Chicken Vegetable Soup Recipe
My Quick and Easy Chicken Vegetable Soup Recipe
I lived as a single person for many years and developed a love of homemade soups during that time. Although I didn't want to spend hours in the kitchen cooking, canned soups and mixes weren't satisfying. Despite a bit of extra effort to cook my own, I wanted to avoid the high salt content of soups bought off the shelf and to get the flavor boost that fresher contents could bring.
Although beef vegetable soup is what I grew up with, it's the chicken variety that I grew to love later. The chicken vegetable soup recipe that I share here is one that I developed based on things I learned from other recipes over the years. I've made the quantities large enough to serve at least 3-4 people; for singles there will simply be leftovers.

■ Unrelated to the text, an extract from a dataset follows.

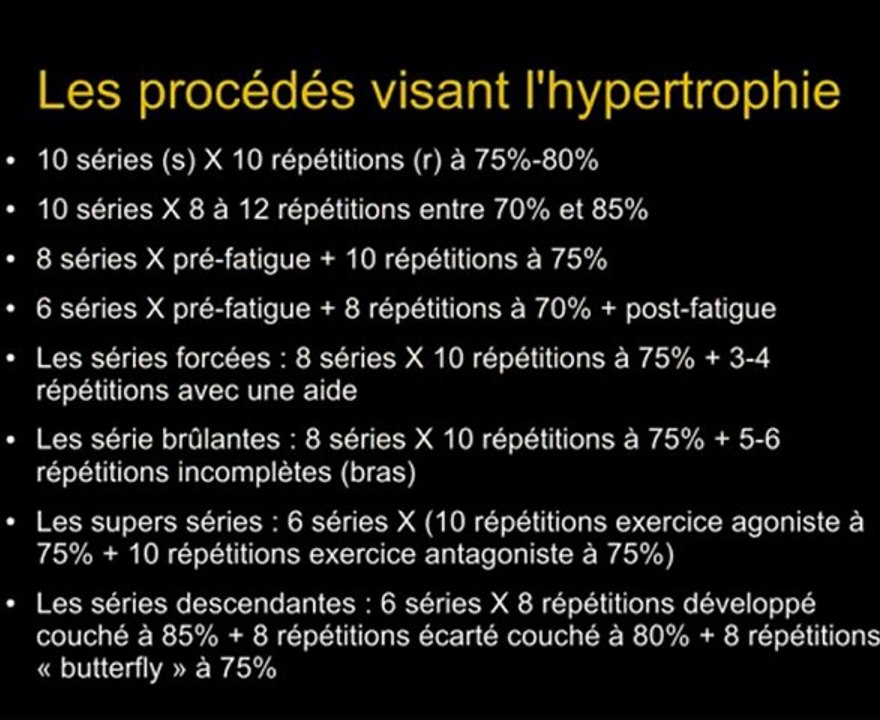 Méthode de musculation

I enjoy this soup both with chicken and without; as a simple meatless vegetable soup.With the chicken it's hearty, without it's an extremely quick and easy vegetable soup recipe. I hope you'll give it a try to let me know what you think.
What You'll Need
This chicken vegetable soup recipe requires just a little chopping and very few tools.

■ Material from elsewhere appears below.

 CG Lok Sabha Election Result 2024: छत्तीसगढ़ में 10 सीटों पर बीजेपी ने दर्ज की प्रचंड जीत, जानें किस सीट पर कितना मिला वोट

The list of tools you'll need is brief:
-- A vegetable peeler and knife
-- A cutting board
-- A 2 quart saucepan or pot
-- 2 Tablespoons butter
-- 1/2 medium onion, peeled, and diced
-- 2 - 3 medium sized russet potatoes, peeled and diced
-- 2 carrots, peeled and sliced or 1/3 cup matchstick carrots
-- 1 stalk celery, sliced
-- 3/4 cup either peas, green beans, or lima beans (frozen or fresh)
-- 3/4 cup corn (frozen or fresh) or diced yellow pepper
-- 1/2 teaspoon dried thyme
-- 1 1/2 tablespoons flour
-- 32 to 38 ounces chicken stock
-- 1/3 cup whipping cream
-- salt, pepper, and parsley
-- 1/2 chicken breast, poached, shredded (optional)

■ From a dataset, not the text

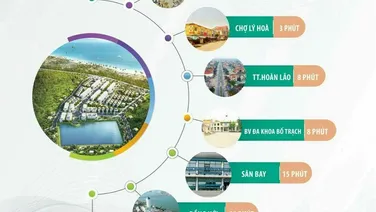 Vỡ nợ cần bán gấp 2 lô đất tại Emerald Beach City hướng phong thủy tọa vàng giá chỉ 9.xtr/m2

Chicken can be poached by simmering water in a saucepan, adding chicken assuring it's covered by simmering water, and allowing to sit for 15 mintues.
Putting It Together
This is quck and easy.
Melt butter in 3 quart saucepan. Add onion and celery; sauté over low heat for 3 to 4 minutes to soften. Add flour and stir, cooking for about one minute. Add chicken stock gradually while stirring. Add vegetables and thyme; bring to a boil over high heat. Reduce heat to medium-low and cook for approximately 25 minutes.
Reduce heat to lowest setting, add in shredded chicken at this point if using, stir in cream, salt and pepper to taste and allow to heat through for 3 or 4 mintues. Serve, and garnish with chopped parsley.